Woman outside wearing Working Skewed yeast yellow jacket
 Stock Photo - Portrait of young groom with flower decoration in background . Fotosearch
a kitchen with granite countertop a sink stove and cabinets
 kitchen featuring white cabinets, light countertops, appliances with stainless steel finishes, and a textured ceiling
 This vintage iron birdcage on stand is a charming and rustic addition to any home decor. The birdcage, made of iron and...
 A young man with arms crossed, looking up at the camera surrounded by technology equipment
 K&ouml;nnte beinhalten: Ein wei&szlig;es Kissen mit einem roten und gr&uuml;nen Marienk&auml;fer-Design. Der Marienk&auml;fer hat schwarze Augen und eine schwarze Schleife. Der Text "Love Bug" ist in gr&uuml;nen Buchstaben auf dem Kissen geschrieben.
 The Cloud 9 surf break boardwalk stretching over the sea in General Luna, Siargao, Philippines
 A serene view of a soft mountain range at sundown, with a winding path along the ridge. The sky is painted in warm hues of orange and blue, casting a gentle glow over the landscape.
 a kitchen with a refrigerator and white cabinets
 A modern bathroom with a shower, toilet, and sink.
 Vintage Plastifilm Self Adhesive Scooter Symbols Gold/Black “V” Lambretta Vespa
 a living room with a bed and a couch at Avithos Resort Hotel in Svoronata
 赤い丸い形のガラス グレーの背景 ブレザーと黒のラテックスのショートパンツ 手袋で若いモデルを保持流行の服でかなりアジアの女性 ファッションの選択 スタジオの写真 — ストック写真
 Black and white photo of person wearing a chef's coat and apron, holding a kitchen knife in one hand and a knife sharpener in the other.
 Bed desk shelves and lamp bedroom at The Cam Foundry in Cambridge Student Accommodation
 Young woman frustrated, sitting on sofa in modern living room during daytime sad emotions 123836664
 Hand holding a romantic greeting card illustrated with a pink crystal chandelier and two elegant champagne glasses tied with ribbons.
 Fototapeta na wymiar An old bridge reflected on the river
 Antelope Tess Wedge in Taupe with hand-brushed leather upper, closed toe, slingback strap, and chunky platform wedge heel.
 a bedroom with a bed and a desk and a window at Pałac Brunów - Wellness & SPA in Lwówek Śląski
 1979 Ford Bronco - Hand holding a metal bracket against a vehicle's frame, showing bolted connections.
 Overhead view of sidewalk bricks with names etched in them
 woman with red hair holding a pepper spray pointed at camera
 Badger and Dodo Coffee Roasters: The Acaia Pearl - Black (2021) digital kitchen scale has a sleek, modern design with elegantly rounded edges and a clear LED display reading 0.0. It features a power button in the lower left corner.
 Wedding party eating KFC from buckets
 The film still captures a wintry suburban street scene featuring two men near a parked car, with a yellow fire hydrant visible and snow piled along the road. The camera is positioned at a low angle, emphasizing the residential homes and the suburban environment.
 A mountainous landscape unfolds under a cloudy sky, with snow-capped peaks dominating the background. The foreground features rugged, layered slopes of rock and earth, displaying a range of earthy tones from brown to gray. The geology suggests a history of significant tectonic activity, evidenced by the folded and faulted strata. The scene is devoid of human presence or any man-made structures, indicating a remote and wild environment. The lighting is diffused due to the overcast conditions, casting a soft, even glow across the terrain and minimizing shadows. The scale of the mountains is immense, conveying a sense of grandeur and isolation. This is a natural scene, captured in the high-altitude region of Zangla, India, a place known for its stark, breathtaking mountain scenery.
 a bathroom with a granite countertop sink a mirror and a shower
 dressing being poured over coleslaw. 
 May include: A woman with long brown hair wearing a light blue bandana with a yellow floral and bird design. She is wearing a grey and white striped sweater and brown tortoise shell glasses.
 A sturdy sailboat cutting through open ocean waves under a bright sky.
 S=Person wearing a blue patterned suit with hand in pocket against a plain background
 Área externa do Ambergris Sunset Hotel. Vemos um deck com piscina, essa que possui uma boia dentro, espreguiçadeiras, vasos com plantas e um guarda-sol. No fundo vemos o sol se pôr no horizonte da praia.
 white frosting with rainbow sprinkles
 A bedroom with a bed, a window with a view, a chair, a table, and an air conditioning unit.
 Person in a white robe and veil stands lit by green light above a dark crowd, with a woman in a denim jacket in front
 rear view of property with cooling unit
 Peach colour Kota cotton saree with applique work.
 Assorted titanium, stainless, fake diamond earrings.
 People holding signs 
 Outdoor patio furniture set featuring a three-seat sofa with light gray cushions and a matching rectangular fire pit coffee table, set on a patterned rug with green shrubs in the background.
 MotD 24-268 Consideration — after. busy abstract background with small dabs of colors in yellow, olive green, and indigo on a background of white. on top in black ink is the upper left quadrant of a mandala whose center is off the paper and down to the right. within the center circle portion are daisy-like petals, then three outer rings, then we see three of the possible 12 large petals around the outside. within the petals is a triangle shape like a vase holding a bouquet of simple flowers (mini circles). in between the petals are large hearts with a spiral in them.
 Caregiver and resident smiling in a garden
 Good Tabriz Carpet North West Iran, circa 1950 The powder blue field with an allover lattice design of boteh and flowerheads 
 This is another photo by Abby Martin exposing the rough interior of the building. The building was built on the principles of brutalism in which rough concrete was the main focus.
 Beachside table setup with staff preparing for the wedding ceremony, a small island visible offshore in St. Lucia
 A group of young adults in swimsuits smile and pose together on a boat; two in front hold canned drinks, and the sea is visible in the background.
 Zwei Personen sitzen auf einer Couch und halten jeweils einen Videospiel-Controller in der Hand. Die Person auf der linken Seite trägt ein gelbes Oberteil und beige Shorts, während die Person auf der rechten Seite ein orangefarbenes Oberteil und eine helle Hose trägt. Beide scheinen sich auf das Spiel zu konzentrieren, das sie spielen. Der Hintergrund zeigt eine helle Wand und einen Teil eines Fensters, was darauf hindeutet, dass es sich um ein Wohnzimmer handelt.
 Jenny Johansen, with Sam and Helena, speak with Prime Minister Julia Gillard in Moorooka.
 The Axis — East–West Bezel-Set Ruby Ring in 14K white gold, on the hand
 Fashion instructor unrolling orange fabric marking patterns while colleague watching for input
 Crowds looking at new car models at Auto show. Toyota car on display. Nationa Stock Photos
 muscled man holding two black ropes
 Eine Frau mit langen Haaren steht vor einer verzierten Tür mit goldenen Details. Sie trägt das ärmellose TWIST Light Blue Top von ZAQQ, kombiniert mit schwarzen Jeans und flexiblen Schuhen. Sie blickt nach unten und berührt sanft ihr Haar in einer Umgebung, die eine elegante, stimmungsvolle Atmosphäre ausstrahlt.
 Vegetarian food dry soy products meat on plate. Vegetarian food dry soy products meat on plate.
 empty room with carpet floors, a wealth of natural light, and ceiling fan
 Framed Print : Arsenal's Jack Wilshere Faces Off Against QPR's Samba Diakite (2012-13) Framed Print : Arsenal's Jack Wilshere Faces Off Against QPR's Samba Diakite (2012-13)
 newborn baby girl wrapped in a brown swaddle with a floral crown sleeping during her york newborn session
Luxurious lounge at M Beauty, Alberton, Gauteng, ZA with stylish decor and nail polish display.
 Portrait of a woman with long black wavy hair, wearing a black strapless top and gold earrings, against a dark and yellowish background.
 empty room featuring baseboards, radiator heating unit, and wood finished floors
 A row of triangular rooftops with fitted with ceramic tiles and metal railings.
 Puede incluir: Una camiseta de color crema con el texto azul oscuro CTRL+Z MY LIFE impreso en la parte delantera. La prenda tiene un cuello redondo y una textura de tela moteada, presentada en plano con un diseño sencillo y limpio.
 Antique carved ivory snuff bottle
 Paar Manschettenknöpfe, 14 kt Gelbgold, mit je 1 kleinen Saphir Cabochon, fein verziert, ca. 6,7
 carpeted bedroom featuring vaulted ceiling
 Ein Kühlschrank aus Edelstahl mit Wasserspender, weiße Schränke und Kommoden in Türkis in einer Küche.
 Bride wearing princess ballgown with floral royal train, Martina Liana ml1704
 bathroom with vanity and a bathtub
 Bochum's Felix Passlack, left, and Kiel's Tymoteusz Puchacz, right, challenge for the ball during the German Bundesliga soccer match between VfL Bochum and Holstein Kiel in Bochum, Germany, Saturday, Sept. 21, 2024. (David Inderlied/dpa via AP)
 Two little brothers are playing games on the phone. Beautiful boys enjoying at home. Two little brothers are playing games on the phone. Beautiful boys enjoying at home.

YOUR OBJECTIVE.
Check the lines above and copy each one that includes "bathroom".

ANSWER TO THIS TASK.
 A modern bathroom with a shower, toilet, and sink.
 a bathroom with a granite countertop sink a mirror and a shower
 bathroom with vanity and a bathtub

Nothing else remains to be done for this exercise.